(TASK) Pull each line with the string "Pack" from the entries.

Start of SUPPLIED INFORMATION

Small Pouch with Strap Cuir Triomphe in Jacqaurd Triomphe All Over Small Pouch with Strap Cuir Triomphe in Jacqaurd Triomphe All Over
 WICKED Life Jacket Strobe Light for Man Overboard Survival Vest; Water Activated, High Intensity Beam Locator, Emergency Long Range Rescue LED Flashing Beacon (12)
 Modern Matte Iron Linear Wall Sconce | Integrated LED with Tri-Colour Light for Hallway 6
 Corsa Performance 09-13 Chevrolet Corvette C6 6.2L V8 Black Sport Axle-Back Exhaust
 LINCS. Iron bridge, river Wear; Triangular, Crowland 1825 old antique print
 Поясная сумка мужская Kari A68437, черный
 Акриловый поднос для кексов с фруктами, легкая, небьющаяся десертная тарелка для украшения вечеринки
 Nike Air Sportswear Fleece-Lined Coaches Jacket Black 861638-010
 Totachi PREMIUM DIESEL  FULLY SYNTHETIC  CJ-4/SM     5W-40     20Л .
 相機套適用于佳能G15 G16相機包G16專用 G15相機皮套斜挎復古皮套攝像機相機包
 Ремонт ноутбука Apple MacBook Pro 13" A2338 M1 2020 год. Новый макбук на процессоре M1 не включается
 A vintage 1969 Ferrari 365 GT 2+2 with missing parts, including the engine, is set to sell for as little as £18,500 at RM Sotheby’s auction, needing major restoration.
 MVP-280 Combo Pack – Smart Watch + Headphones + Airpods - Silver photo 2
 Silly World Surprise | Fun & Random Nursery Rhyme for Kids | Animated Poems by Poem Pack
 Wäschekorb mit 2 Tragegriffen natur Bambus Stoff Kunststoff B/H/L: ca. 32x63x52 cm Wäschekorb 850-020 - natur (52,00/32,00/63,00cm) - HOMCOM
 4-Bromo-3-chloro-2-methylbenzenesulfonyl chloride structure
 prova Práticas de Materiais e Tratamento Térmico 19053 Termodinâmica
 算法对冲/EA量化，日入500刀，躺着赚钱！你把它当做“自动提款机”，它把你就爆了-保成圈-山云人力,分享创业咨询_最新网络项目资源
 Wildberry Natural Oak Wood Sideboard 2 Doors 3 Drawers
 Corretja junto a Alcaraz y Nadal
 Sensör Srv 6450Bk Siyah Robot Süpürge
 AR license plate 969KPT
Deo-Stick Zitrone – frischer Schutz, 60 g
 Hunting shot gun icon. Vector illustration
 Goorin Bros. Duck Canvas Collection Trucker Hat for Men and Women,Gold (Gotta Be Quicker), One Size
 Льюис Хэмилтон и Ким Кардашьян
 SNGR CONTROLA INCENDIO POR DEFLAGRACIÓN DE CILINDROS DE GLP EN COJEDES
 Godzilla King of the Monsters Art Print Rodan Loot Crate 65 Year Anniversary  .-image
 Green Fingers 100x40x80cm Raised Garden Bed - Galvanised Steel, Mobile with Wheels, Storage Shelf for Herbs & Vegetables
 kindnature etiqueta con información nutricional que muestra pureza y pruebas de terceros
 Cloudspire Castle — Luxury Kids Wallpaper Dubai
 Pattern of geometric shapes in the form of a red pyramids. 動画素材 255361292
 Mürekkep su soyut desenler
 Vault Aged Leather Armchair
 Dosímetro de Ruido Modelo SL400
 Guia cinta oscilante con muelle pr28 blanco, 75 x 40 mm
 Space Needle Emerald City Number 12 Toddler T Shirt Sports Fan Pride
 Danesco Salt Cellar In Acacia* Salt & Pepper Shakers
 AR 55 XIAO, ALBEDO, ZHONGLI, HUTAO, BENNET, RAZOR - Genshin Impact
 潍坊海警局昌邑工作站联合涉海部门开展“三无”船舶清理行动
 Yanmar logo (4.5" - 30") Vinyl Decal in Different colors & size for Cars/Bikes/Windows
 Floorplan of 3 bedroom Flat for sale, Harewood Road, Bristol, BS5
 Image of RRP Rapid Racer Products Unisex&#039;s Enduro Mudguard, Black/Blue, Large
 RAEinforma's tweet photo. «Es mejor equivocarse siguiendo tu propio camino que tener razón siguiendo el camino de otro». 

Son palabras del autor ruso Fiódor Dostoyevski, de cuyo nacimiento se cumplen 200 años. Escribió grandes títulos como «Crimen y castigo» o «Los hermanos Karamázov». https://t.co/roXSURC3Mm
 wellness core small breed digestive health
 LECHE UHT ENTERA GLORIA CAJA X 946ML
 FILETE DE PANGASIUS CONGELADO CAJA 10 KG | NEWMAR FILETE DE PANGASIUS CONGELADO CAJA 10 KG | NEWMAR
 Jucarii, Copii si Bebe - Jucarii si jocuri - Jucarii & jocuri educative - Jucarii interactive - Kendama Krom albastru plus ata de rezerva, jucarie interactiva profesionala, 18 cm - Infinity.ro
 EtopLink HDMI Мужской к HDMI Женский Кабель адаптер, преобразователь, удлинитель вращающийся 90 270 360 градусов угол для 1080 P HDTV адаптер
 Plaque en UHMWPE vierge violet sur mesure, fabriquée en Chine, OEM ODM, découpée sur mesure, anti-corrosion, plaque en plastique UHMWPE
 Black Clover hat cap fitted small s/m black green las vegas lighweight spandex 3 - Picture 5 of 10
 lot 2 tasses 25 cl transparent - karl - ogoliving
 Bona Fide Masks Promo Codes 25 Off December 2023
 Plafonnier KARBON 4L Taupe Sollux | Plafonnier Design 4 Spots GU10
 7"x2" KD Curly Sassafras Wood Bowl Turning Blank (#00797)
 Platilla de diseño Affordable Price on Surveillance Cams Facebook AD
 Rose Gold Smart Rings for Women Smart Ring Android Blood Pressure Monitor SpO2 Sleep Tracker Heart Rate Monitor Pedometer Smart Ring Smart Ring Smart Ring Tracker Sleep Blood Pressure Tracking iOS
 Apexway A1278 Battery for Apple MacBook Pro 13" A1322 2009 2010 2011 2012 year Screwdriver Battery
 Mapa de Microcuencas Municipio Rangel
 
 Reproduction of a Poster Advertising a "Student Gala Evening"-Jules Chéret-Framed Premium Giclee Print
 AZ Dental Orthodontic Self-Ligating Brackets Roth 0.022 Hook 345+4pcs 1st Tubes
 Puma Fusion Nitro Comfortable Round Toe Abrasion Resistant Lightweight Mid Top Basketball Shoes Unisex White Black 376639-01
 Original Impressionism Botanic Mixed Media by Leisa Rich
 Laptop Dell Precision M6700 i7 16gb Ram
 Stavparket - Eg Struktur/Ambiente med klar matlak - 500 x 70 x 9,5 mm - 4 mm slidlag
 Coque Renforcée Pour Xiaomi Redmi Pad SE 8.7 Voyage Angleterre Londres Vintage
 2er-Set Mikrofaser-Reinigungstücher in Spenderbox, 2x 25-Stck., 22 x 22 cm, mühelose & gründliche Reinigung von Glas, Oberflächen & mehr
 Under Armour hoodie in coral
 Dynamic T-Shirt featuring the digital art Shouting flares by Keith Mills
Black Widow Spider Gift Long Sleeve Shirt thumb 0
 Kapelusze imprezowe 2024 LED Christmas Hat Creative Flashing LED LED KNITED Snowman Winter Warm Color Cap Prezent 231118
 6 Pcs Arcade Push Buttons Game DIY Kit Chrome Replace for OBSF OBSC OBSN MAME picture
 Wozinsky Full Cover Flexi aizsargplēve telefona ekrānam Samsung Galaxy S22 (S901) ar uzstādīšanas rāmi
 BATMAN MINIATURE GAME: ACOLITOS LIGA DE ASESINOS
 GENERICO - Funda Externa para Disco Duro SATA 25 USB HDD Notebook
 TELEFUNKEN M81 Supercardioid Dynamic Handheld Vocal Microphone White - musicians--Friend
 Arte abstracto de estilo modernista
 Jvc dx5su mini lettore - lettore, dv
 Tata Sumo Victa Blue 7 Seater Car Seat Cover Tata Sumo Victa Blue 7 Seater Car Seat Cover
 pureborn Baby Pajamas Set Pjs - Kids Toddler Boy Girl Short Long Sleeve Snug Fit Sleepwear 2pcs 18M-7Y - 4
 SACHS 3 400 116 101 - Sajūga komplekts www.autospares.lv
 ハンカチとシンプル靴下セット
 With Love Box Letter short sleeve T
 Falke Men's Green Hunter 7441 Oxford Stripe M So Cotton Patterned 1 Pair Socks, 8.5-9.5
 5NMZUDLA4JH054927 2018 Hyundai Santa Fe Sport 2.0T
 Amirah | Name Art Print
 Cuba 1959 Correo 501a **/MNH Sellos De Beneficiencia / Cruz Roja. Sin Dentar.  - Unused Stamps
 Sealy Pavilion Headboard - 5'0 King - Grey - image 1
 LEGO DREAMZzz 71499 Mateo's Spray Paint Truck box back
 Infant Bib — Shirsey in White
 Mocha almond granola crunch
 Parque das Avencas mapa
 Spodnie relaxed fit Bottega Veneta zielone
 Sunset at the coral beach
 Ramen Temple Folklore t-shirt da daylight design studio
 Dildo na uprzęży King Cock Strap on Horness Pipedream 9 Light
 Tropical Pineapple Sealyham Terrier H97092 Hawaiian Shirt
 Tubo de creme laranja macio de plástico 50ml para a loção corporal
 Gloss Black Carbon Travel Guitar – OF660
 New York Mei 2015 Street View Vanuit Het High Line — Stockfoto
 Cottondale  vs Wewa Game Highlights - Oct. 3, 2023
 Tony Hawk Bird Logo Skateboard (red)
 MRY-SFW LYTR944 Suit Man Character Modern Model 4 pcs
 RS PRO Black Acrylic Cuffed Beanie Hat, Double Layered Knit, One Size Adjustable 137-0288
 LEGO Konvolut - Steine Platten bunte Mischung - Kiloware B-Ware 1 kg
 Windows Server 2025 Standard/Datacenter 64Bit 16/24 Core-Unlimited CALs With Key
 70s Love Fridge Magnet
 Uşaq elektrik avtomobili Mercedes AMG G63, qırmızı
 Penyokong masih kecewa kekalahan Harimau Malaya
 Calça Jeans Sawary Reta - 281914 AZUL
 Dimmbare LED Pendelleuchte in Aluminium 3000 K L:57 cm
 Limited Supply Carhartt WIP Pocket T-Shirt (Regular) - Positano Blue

End of SUPPLIED INFORMATION

(THE ANSWER)
 MVP-280 Combo Pack – Smart Watch + Headphones + Airpods - Silver photo 2
 Silly World Surprise | Fun & Random Nursery Rhyme for Kids | Animated Poems by Poem Pack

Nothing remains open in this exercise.